Hillary Clinton has defended her initial opposition to gay marriage, denying in a radio interview that political reasons were behind her shift last year to supporting same-sex unions.

Clinton defends change in same-sex marriage stance

Hillary Clinton has defended her initial opposition to gay marriage, denying in a radio interview that political reasons were behind her shift last year to supporting same-sex unions.

The former US Secretary of State accused the host of the show of “playing with my words”.

Ms Clinton told National Public Radio (NPR) host Terry Gross: “I did not grow up even imagining gay marriage and I don’t think you did either.

“This was an incredibly new and important idea that people on the front lines of the gay rights movement began to talk about and slowly, but surely, convinced others about the rightness of that position.

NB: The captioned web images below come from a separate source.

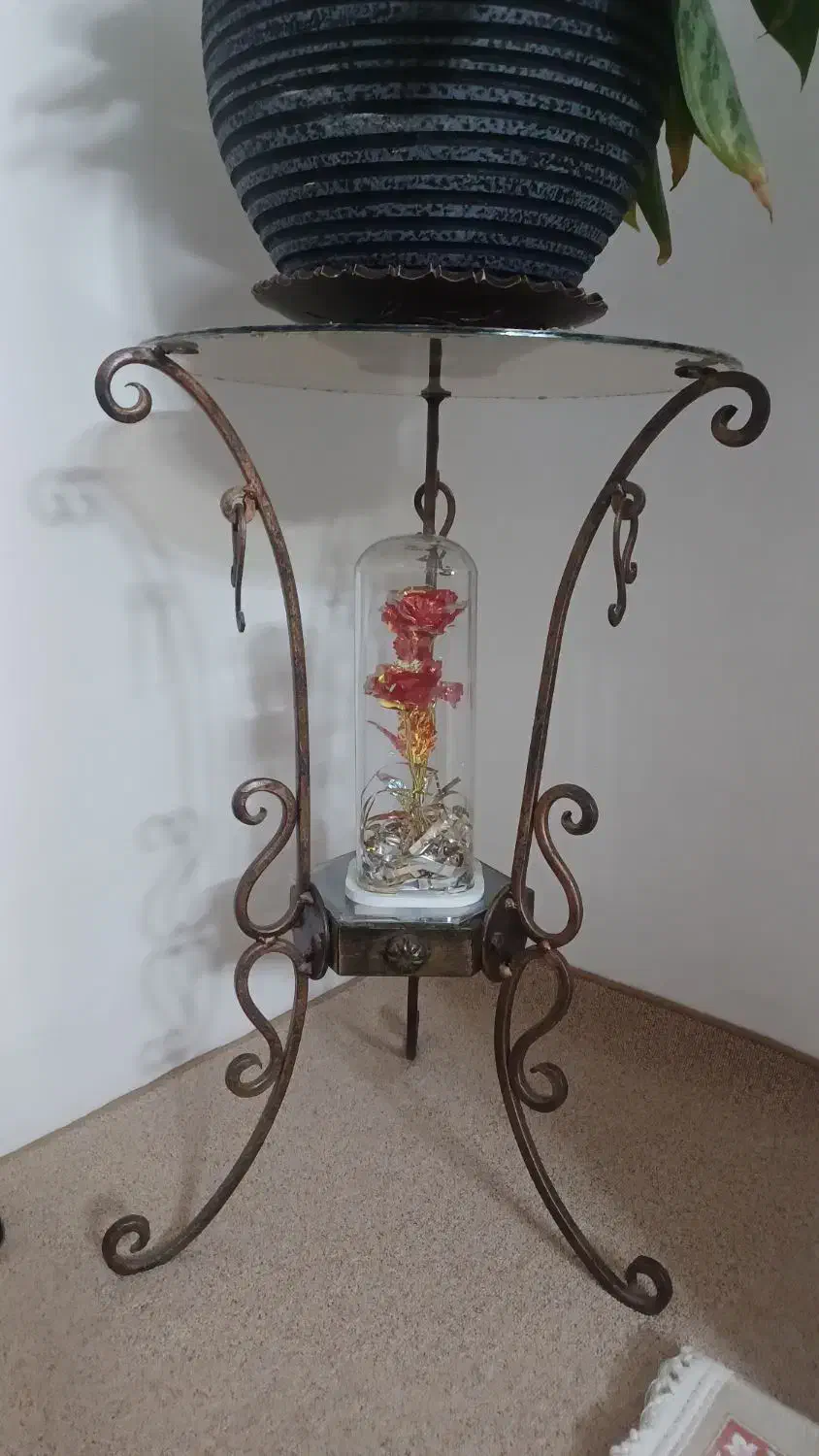 گلدان و پایه|گل و گیاه طبیعی|قم, بنیاد|دیوار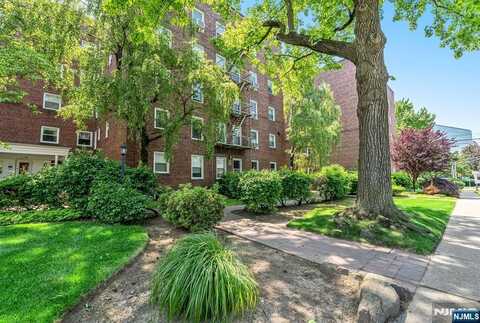 328 N Bridge Plaza 5C, Fort Lee, NJ 07024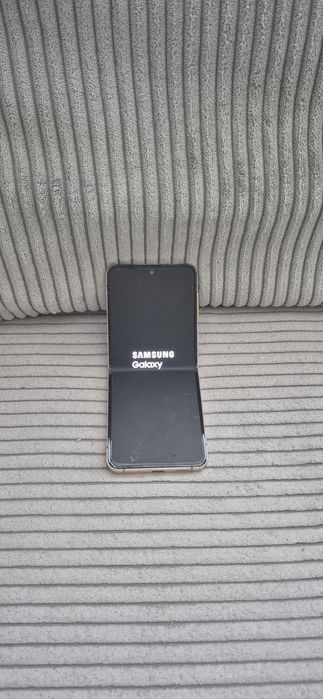 Samsung flip 4 stan idealny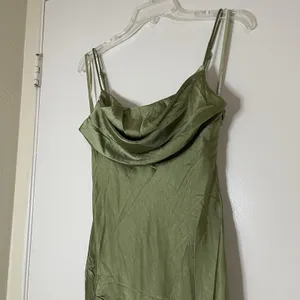 NEW! Selfie Leslie Well Versed Pleated Bust Front Split Dress Olive MED 27595d24 thumbnail 4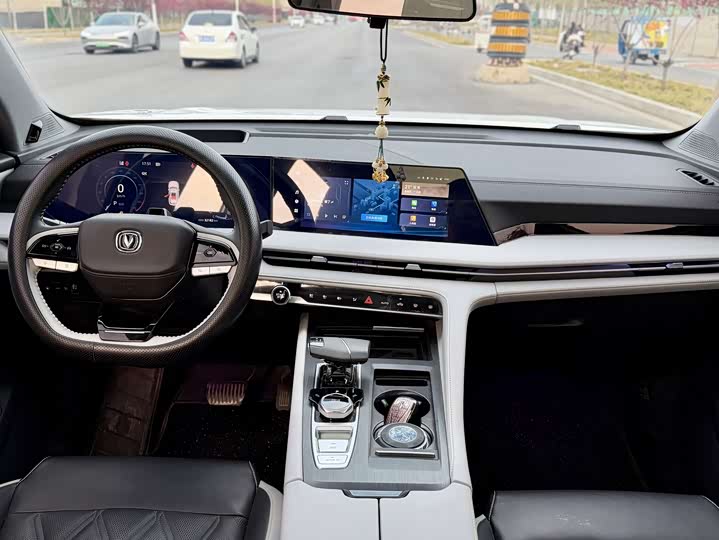 Changan CS75 PLUS 2023 1.5 T AT — фото 11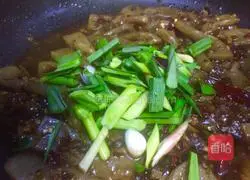 泡椒酸辣魔芋花的做法图解12
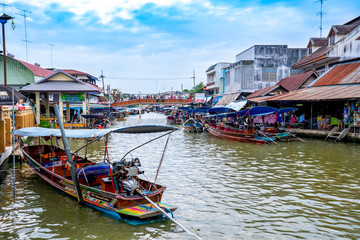 Fototapeta na wymiar DAMNOEN SADUAK, THAILAND - December 15, 2018: Floating market in Damnoen Saduak, Thailand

“When I was ready to say what I said, I said it.”

The exchange came during Ms Clinton’s media tour supporting her new book, 'Hard Choices', about the former first lady and Senator’s time as US president Barack Obama’s Secretary of State.

She has said she will decide later this year whether to make a second run for President.

In 2008, Ms Clinton, Barack Obama and other Democratic presidential candidates opposed legalising same-sex marriage, although they endorsed versions of civil unions.

In March 2013, Ms Clinton released a video expressing her support for gay marriage, shortly after she left the State Department.

As the nation’s top diplomat, Ms Clinton refrained from weighing in on domestic politics but she won praise from gay rights organisations for bringing attention to LGBT issues around the globe and within the State Department.

But the former first lady’s announcement came after Obama, vice president Joe Biden and several prominent Democrats – along with Republicans like Senator Rob Portman – had stated their support for same-sex marriage.

The NPR interview became tense when the host asked Ms Clinton repeatedly about her shift to support gay marriage.

At one point, Ms Clinton told Ms Gross: “I think you’re being very persistent, but you are playing with my words and playing with what is such an important issue.”

Ms Gross said she was trying to clarify Ms Clinton’s views on the issue.

“No, I don’t think you are trying to clarify,” she responded.

“I think you are trying to say that I used to be opposed and now I am in favour and I did it for political reasons. And that’s just flat wrong. So let me just state what I feel like you are implying and repudiate it.”

Ms Gross noted that Ms Clinton’s husband, former president Bill Clinton, signed the Defence of Marriage Act, which defined marriage as a union between one man and one woman and denied gay couples a range of federal marriage benefits.

The former New York senator said the nation is “living at a time when this extraordinary change is occurring and I’m proud of our country”.

She said that in 1993, at the start of her husband’s presidency, “that was not the case”.

Ms Clinton was appearing at several events in New York to promote her book.

At the Council on Foreign Relations, she said Iraq had turned into a “dreadful, deteriorating situation” and that she “could not have predicted” the effectiveness of the Islamic State of Iraq and the Levant to seize territory and try to “erase boundaries to create an Islamic state”.

Weighing her future, Ms Clinton said in an interview set to air on CBS Sunday Morning that she learned in 2008 that the “American political system is probably the most difficult, even brutal, in the world”.

But she told NPR she would not be deterred “by the blood-sport of politics”.